Spark Development Guide
1. Introduction to Spark
Spark is an open-source cluster computing system based on in-memory computation. Compared to MapReduce, Spark uses a faster computing engine to effectively support multiple types of computation, such as interactive queries and stream processing. Spark is designed to be highly accessible and provides a rich built-in library. Tasks can be designed in Python, Java, Scala, or SQL on Spark.
1.1 Spark Running Mode
Spark can be run in the following ways:
- Local:
Spark runs locally in single-threaded mode, which is generally suitable for local development and testing.
- Standalone Spark:
Spark runs with a Master node and multiple Worker nodes. It comes with a complete set of services and can be deployed independently on a cluster without depending on any other resource management system.
- Spark on Yarn (the way UHadoop uses)
Based on Hadoop’s resource management system Yarn, Spark acts as a client for task submission. All tasks are submitted to Yarn, which is responsible for task allocation. Spark on Yarn is also divided into yarn-cluster and yarn-client modes. The differences are as follows:
- Yarn-cluster: The Driver runs on the Application Master (AM). The AM process is responsible for both driving the Application and resource application. It runs within the Container, and the client can be shut down after task submission. It is generally suitable for production environments but not suitable for running interactive tasks.
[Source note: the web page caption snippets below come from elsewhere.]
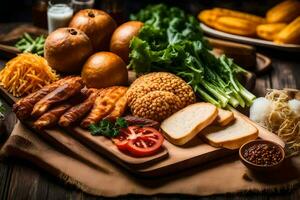 a wooden cutting board with various foods on it. AI-Generated photo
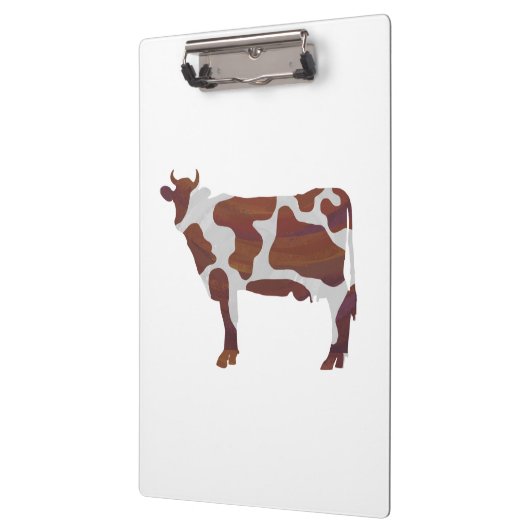 Kuh Braun und Weiße Silhouette Klemmbrett (Links)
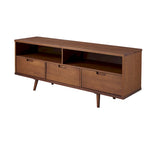 Meuble TV en bois massif Alby de 58 po de style Mid-Century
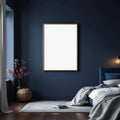 Bedroom Navy Lifestyle Frame Mockup — Plain Square Frame Portrait 5:7 — Perspective View — #03961 | MockupBulk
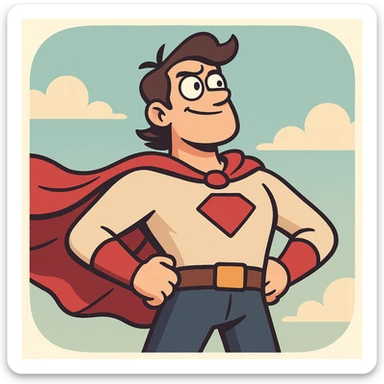 dynamic app icon showing a person with a cape, standing heroically, modern flat style sticker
- Yarn-client: The Driver runs locally. After task submission, the client needs to communicate with the Container for job scheduling. It is suitable for interactive tasks and debugging, making it easier to see the task results.
2. How to Use Spark
2.1 Spark-submit
The most common way to submit spark tasks is through spark-submit. You can view the specific usage of spark-submit by using spark-submit —help.
Example
- Example: Submit a task to calculate pi in the sample program using spark-submit
spark-submit --master yarn --deploy-mode client --num-executors 2
--executor-cores 1 --executor-memory 1G
$SPARK_HOME/examples/src/main/python/pi.py 100
For more information on submitting tasks, please refer to: https://spark.apache.org/docs/1.6.0/submitting-applications.html
Submitting Tasks from External Machines in the Cluster
- Please refer to section 1 for environment setup.
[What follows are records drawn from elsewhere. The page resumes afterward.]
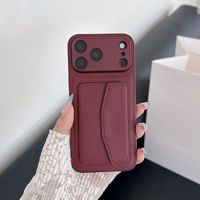 Casing HP Kulit PU Model Flip Wallet untuk iPhone 18 17 Pro Max 16 15 14 13 Pro, Dilengkapi Slot Kartu
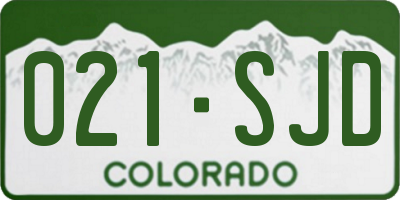 CO license plate 021SJD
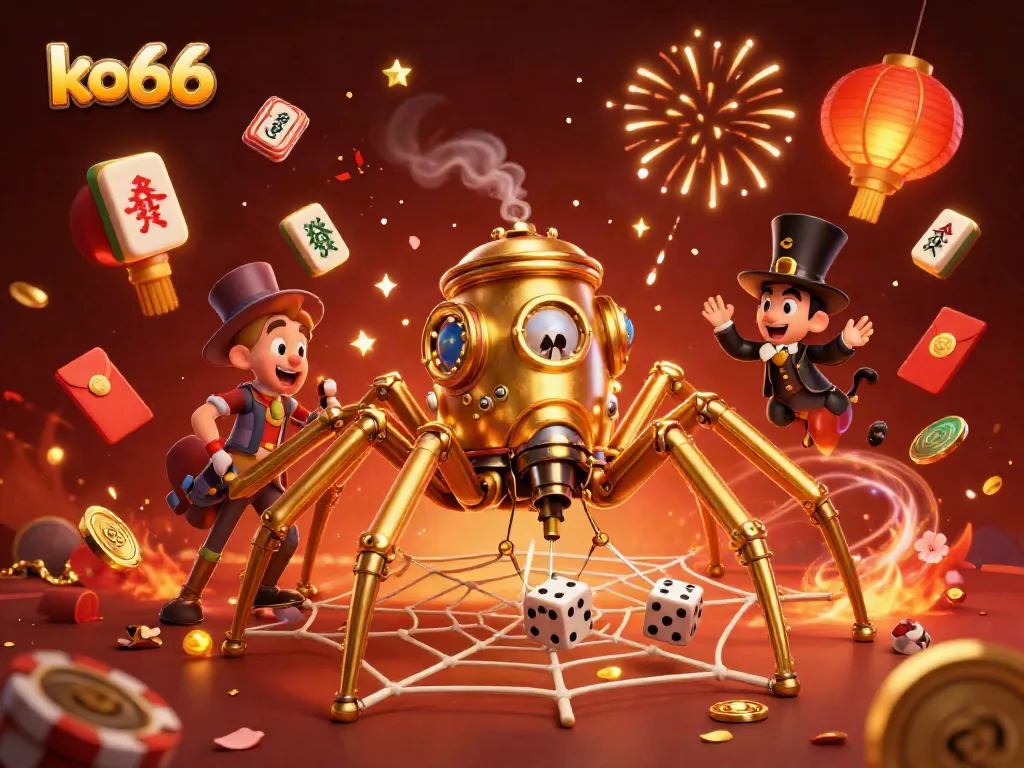 Spin and win at ko66 with a vibrant casino scene featuring charming 3D spider and festive decorations.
- HDFS can only use the local username (the name displayed by whoami) as the HDFS username, so you need to add permission for the local username to access the target file on HDFS. The task submitted by the Spark client will use the /user/[username* directory by default. Therefore, the corresponding user root directory needs to be created on HDFS.
Test command:
[hadoop@10-10-116-236 bin]$ pwd
/root/testsparkclient/spark/bin
[hadoop@10-10-116-236 bin]$ ./spark-submit --class org.apache.spark.examples.SparkPi --master yarn --deploy-mode cluster ../lib/spark-examples*.jar 10
View the running results: If the screen displays the following message, it means the execution was successful.
final status: SUCCEEDED
The output result of this example is printed using standard output
System.out.println("Pi is roughly " + 4.0 * count / n)
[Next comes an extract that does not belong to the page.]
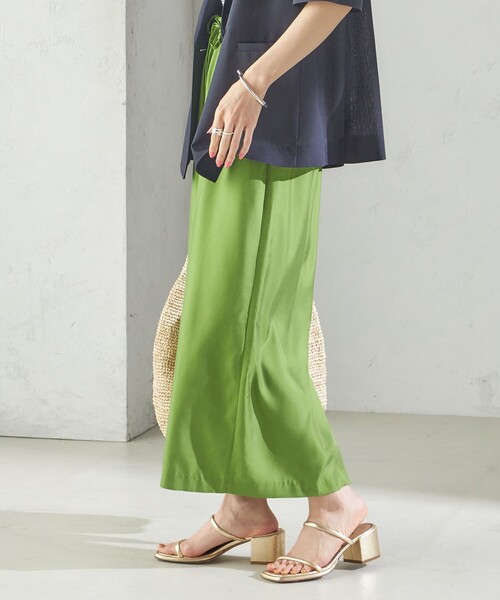 SHIPS（シップス） スカート 「手洗い可能」キュプラ混 ツイル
So only the client mode will print it to the screen, the yarn mode needs to check it in the log hdfs://Ucluster/var/log/hadoop-yarn/apps/hadoop/logs/applicationid
2.2 Spark-shell
Spark-shell is a way provided by Spark to quickly implement task execution using Scala.
Example
- Start the spark-shell client
spark-shell
- Construct a HiveContext
scala> val sqlContext = new org.apache.spark.sql.hive.HiveContext(sc);
- Create a table src
scala> sqlContext.sql("CREATE TABLE IF NOT EXISTS src (key INT,value STRING)")
- Load data from local file
scala> sqlContext.sql("LOAD DATA LOCAL INPATH '/home/hadoop/spark/examples/src/main/resources/kv1.txt' INTO TABLE src")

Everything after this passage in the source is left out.